[Biopython-dev] parsing summary

Fri Dec 21 06:04:00 EST 2001

To summarize:

I'm working on a way to minimize the amount of work needed to handle
the standard case of

for record in data_file:
  do_something(record)
  write record to output_file

I think I have an API, which is easy to use

from Bio import SeqRecord

writer = SeqRecord.io.make_writer("genbank")
for record in SeqRecord.io.readFile(open("unknown.dat")):
  do_something(record)
  writer.write(record)

and can handle different intermediate data types

from Bio import SimpleSeq

writer = SimpleSeq.io.make_writer("fasta")
for record in SimpleSeq.io.readFile(open("unknown.dat")):
  do_something(record)
  writer.write(record)

And it's all built on powerful lower-level forms which are still
relatively easy to use.

The biggest problem I have is in registeration of all the different
format and conversion types.  Ideally, added a new format shouldn't
affect performance until its presence is needed.  That speaks for some
sort of file-based discovery mechanism.  The simplest solution is to
load all files at once, but I expect that to yield poor performance.
So there needs to be some sort of defered loading mechanism.  Or at
least such a mechanism should not be precluded.

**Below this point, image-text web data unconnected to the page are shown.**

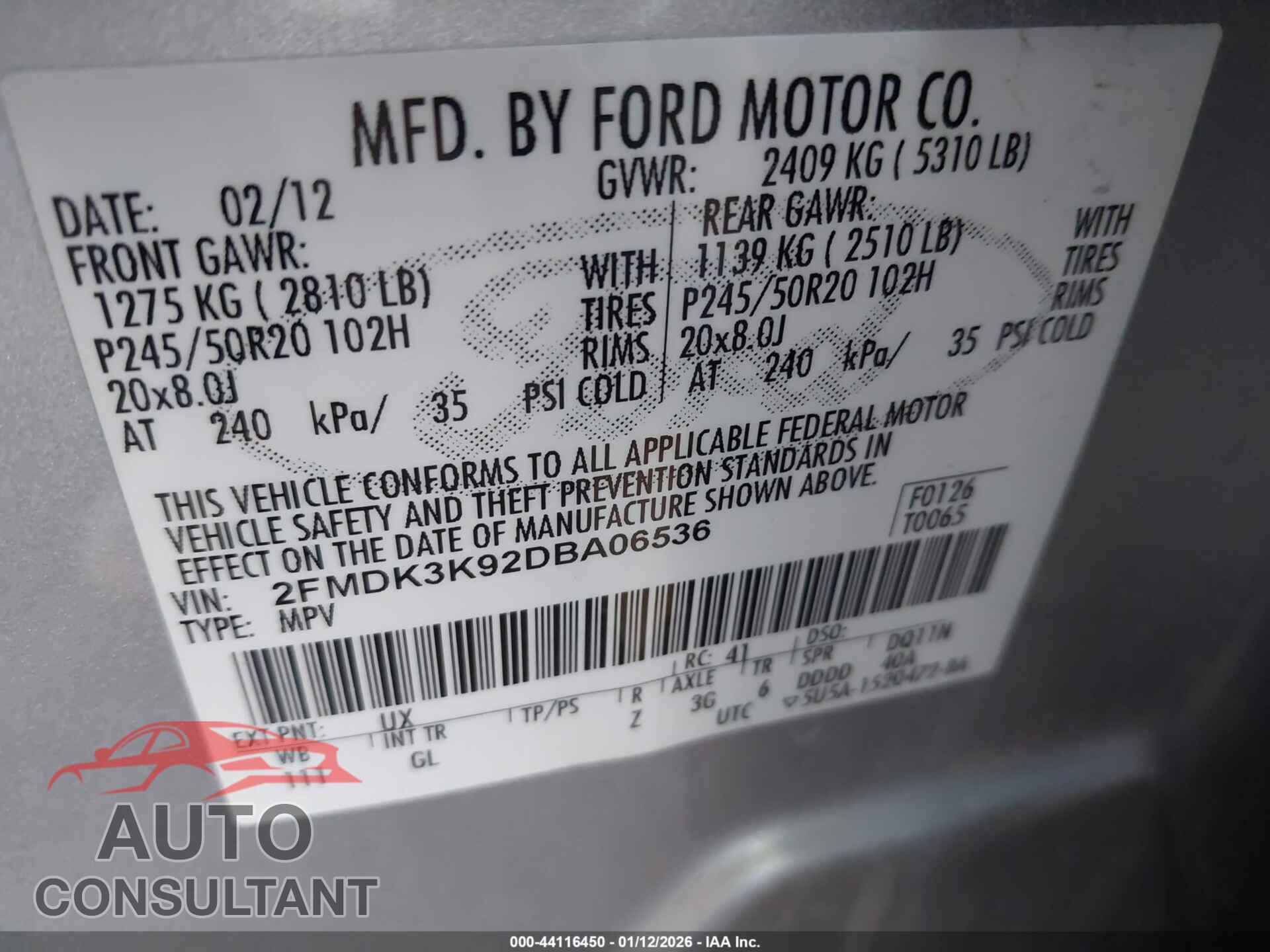 FORD EDGE 2013 - 2FMDK3K92DBA06536
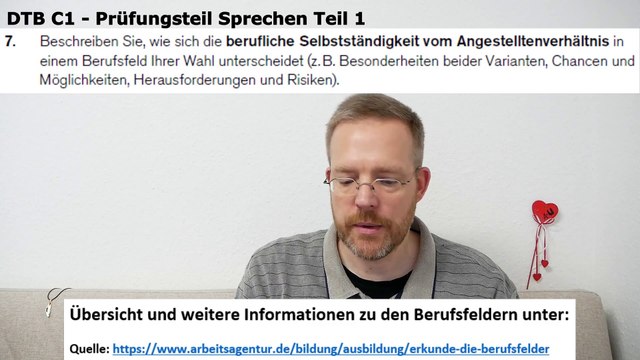 Deutsch-Test für den Beruf C1 – 22 – Prüfungsteil Sprechen Teil 1 – Thema 7: Selbstständigkeit versus Angestelltenverhältnis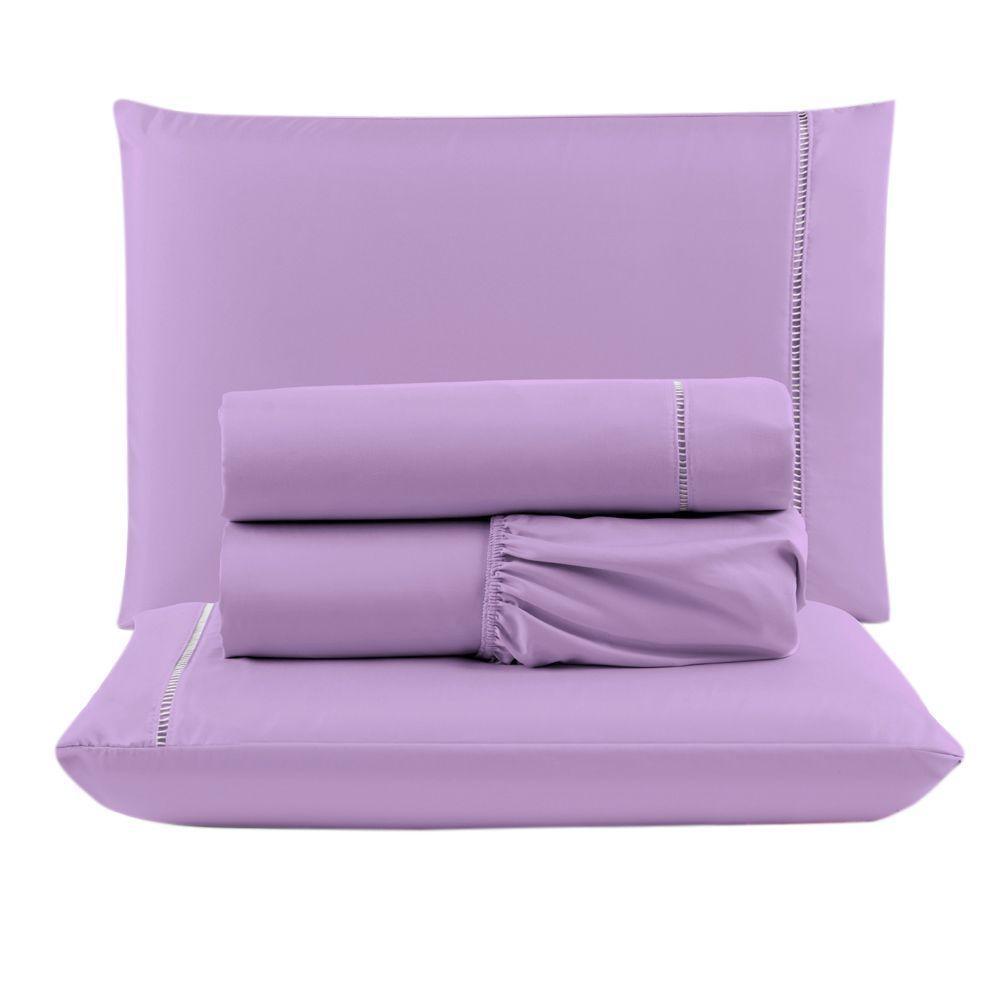 Kit Com 4 Jogos Cama Lençol Casal Padrão Micro Percal 400 Fios Ponto Palito 4 Peças Lilás + Cinza - 3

What I want to do requires coming up with standardized names and data
types.  These include file formats, field types, and data structures.

Thank you for letting me write all this.  It's helped clear
up what my bottlenecks are in this work.  Hopefully you all have
some ideas - or you can way I'm trying to be too clever for my
own good !

                                Andrew
                                dalke at dalkescientific.com